Daher war die Tagesordnung für die Plenarsitzung in dieser Woche in Strasbourg gut gefüllt. Ein Höhepunkt dabei war die Vorstellung des Programms der belgischen Ratspräsidentschaft. Wie Sie sicher wissen, wechselt die „Führung“ der EU alle halbe Jahre, und zum Jahreswechsel ist der Staffelstab von Spanien an Belgien gegangen. Mit der Ankündigung des EU-Ratsvorsitzenden Charles Michel, sich selbst in Belgien um ein Mandat für das Europaparlament zu bewerben, sind nicht nur Spekulationen über Ziel und Absicht zentraler Gesprächsstoff auf den Fluren in Brüssel und von EU-Institutionen, sondern auch die Frage, wer angesichts der notwendigen Karenzzeiten, dann provisorisch den Ratsvorsitz ausfüllen mag – auch angesichts des am 1. Juli beginnenden EU-Ratsvorsitzes von Viktor Orban für Ungarn.

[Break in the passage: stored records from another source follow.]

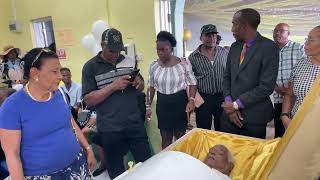 Funeral of 71 year old Pastor Edward Warrington aka Kiking of Petite SoufriereCastle Bruce [upl. by Zacharia]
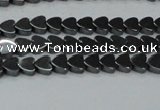 CHE990 15.5 inches 4*4mm heart hematite beads wholesale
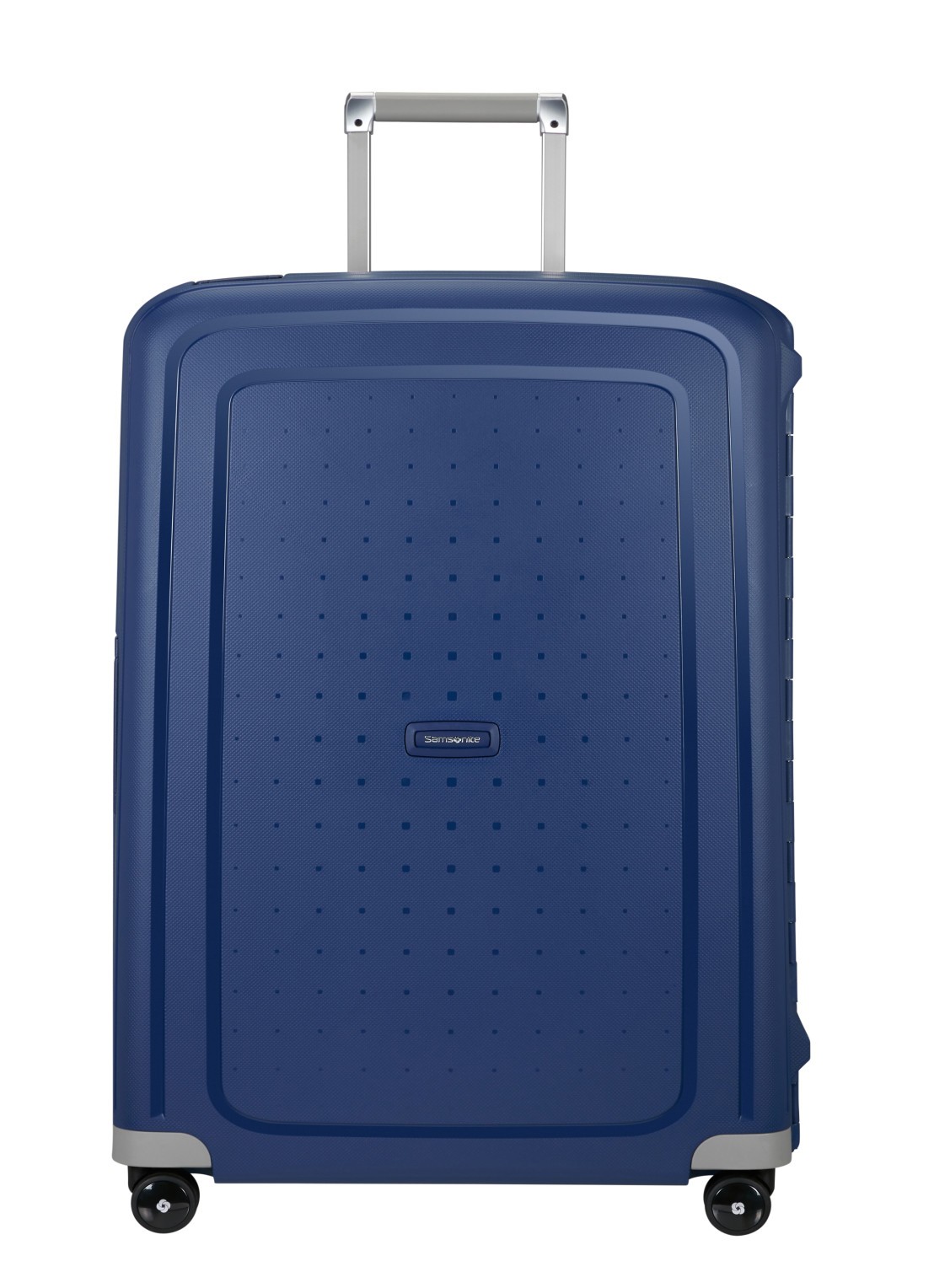 Samsonite S'Cure spinner 75 cm - voorkant 6 donkerblauw
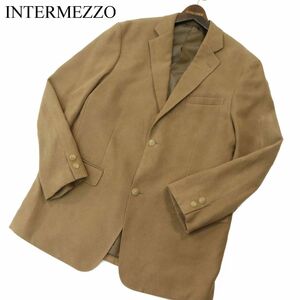 INTERMEZZO インターメッツォ ダーバン 秋冬 総裏 フェイク スウェード★ 2B アンコン テーラード ジャケット Sz.L　メンズ　A3T13901_B#N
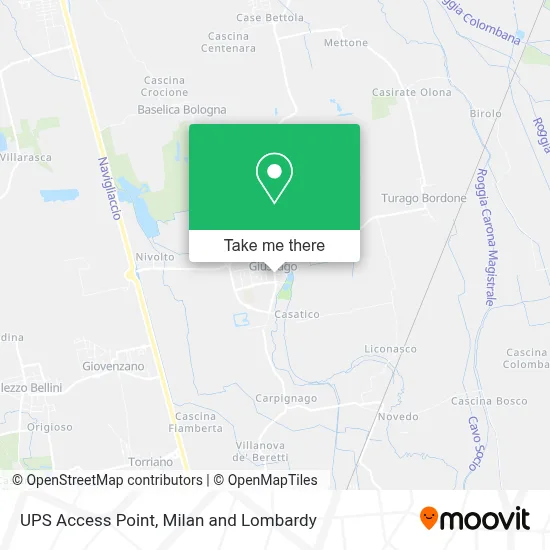 UPS Access Point map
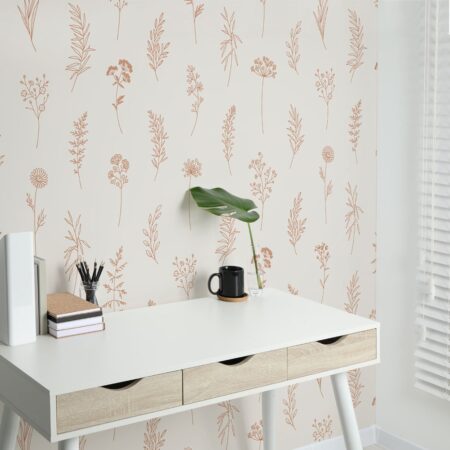 Αυτοκόλλητη Ταπετσαρία τοίχου WILDFLOWERS PATTERN - Floral - Λουλουδια Sticky 1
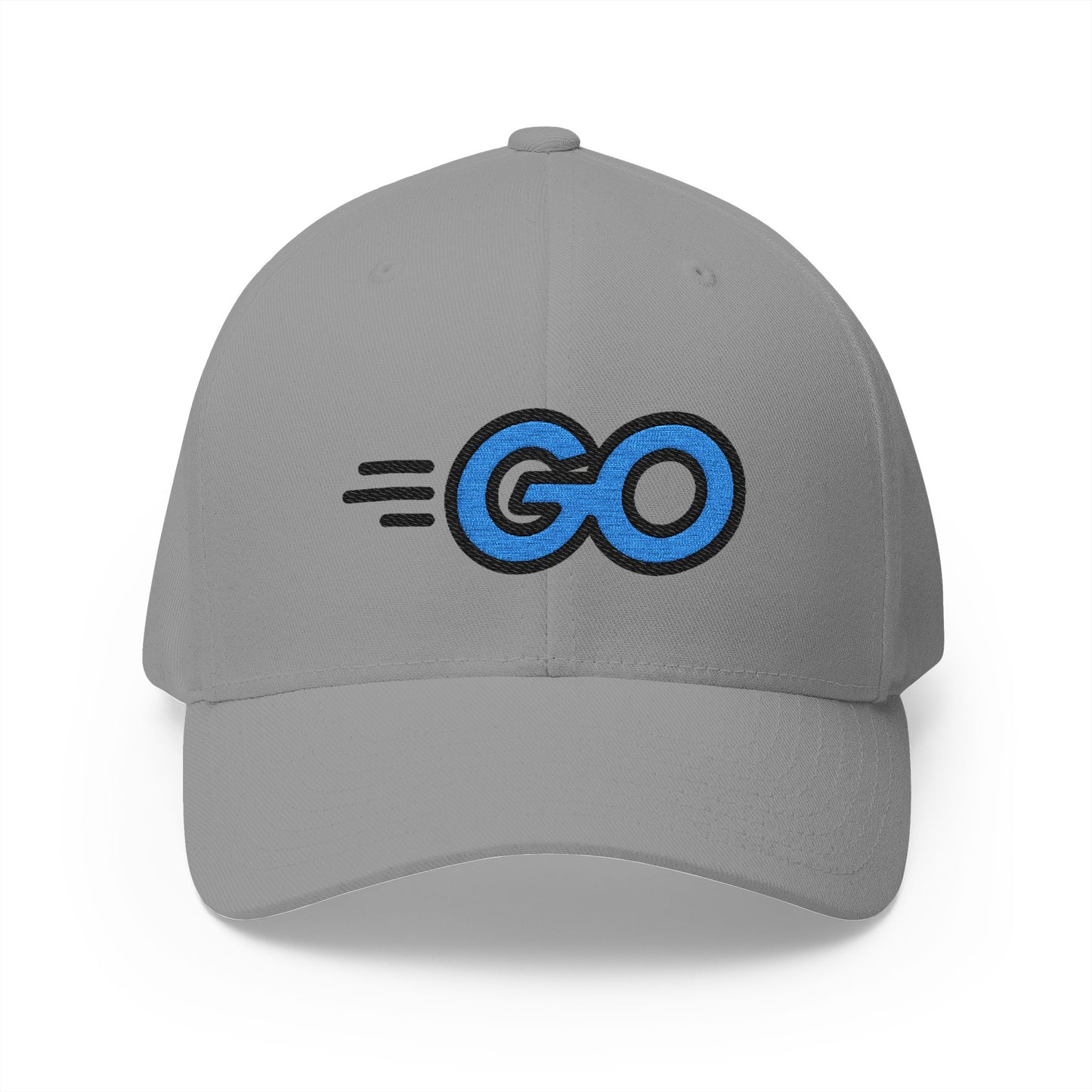 Golang Emoji Grey Cap – Premium by Capmoji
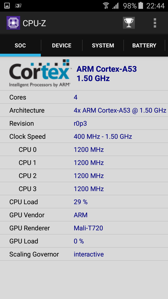 Specyfikacja w CPU-Z i Antutu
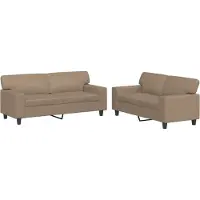 vidaXL Canapé 2 pièces cappuccino brun similicuir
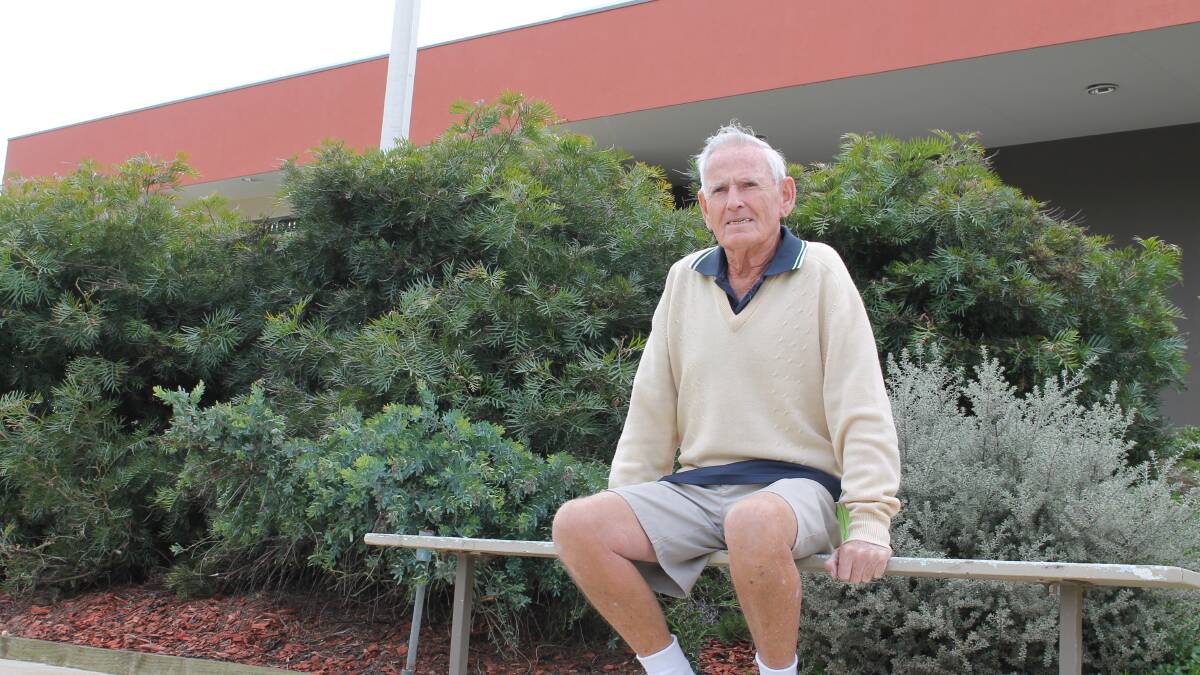 • Bega Bowling Club volunteer Frank Dorris takes some time out.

Wichtige Punkte des belgischen „Arbeitsplans“ sehen wir als The Left im Europaparlament kritisch, weil Thema und konzipierte Lösungsansätze nicht Hand in Hand gehen. Es wird weiter um das Thema Migration gehen – die kurz vor Weihnachten verabschiedete Reform des Asylsystems ist kein Schritt hin zu einer wirklichen gemeinschaftlich neu zu fassenden, menschlichen und zukunftsfähigen Migrations- und Asylpolitik und für uns Linke nicht akzeptabel. Und das zum Unwort des Jahres 2023 gekürte „Remigration“ trifft den menschenverachtenden Deal ganz treffend. Weiter bleiben Themen und noch zu regelnde Gesetzesvorhaben zur „grünen Transformation“ der Wirtschaft auf der Agenda – und das, was bekannt wurde läuft auf Abschwächung schon erreichter hoher Zielsetzungen hinaus. Konkret vorgeschlagen werden sollen neue Ansätze zum Schwerpunkt „Kampf gegen organisiertes Verbrechen und Drogenhandel“.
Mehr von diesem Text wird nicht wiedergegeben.